Graphics Processing Unitseminar Report

Graphics Processing UnitSeminar Report

INTRODUCTION

There are various applications that require a 3D world to be simulated as realistically as possible on a computer screen. These include 3D animations in games, movies and other real world simulations. It takes a lot of computing power to represent a 3D world due to the great amount of information that must be used to generate a realistic 3D world and the complex mathematical operations that must be used to project this 3D world onto a computer screen. In this situation, the processing time and bandwidth are at a premium due to large amounts of both computation and data.

The functional purpose of a GPU then, is to provide a separate dedicated graphics resources, including a graphics processor and memory, to relieve some of the burden off of the main system resources, namely the Central Processing Unit, Main Memory, and the System Bus, which would otherwise get saturated with graphical operations and I/O requests. The abstract goal of a GPU, however, is to enable a representation of a 3D world as realistically as possible. So these GPUs are designed to provide additional computational power that is customized specifically to perform these 3D tasks.

What’s a GPU????

A Graphics Processing Unit (GPU) is a microprocessor that has been designed specifically for the processing of 3D graphics. The processor is built with integrated transform, lighting, triangle setup/clipping, and rendering engines, capable of handling millions of math-intensive processes per second. GPUs form the heart of modern graphics cards, relieving the CPU (central processing units) of much of the graphics processing load. GPUs allow products such as desktop PCs, portable computers, and game consoles to process real-time 3D graphics that only a few years ago were only available on high-end workstations.

Used primarily for 3-D applications, a graphics processing unit is a single-chip processor that creates lighting effects and transforms objects every time a 3D scene is redrawn. These are mathematically-intensive tasks, which otherwise, would put quite a strain on the CPU. Lifting this burden from the CPU frees up cycles that can be used for other jobs.

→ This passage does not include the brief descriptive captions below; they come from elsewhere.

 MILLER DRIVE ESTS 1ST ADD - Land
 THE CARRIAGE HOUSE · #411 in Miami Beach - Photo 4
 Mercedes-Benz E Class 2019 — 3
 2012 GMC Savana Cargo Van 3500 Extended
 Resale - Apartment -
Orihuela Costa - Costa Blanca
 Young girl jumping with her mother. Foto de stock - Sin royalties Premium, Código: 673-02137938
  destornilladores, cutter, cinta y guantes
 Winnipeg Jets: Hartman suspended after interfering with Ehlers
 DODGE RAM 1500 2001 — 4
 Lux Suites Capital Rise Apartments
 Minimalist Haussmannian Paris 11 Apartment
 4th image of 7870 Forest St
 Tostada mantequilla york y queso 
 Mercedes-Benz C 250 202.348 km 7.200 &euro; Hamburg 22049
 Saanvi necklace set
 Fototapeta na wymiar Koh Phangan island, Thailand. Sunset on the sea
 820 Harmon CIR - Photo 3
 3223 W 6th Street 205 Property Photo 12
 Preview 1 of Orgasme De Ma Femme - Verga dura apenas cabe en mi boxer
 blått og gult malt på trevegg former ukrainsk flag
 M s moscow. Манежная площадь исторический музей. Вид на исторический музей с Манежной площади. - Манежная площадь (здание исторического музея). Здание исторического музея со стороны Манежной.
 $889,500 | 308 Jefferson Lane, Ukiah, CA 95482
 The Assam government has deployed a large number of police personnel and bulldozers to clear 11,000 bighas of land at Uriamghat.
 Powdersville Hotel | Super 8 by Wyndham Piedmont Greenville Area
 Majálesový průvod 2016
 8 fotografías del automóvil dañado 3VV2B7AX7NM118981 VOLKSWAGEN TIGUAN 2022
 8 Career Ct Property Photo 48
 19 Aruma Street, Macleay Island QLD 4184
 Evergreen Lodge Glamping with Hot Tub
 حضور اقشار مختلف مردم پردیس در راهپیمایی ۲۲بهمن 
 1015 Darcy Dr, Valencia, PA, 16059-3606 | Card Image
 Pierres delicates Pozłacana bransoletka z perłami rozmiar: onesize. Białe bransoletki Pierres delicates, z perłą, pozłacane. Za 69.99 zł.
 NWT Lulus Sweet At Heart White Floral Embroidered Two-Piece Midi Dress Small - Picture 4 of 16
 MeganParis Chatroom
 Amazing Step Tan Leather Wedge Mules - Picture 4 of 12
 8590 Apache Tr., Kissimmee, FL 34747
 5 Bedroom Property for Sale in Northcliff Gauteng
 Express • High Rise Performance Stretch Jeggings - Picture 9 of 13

However, the GPU is not just for playing 3D-intense videogames or for those who create graphics (sometimes referred to as graphics rendering or content-creation) but is a crucial component that is critical to the PC's overall system speed. In order to fully appreciate the graphics card's role it must first be understood.

Many synonyms exist for Graphics Processing Unit in which the popular one being the graphics card .It’s also known as a video card, video accelerator, video adapter, video board, graphics accelerator, or graphics adapter.

History and Standards

The first graphics cards, introduced in August of 1981 by IBM, were monochrome cards designated as Monochrome Display Adapters (MDAs). The displays that used these cards were typically text-only, with green or white text on a black background. Color for IBM-compatible computers appeared on the scene with the 4-color Hercules Graphics Card (HGC), followed by the 8-color Color Graphics Adapter (CGA) and 16-color Enhanced Graphics Adapter (EGA). During the same time, other computer manufacturers, such as Commodore, were introducing computers with built-in graphics adapters that could handle a varying number of colors.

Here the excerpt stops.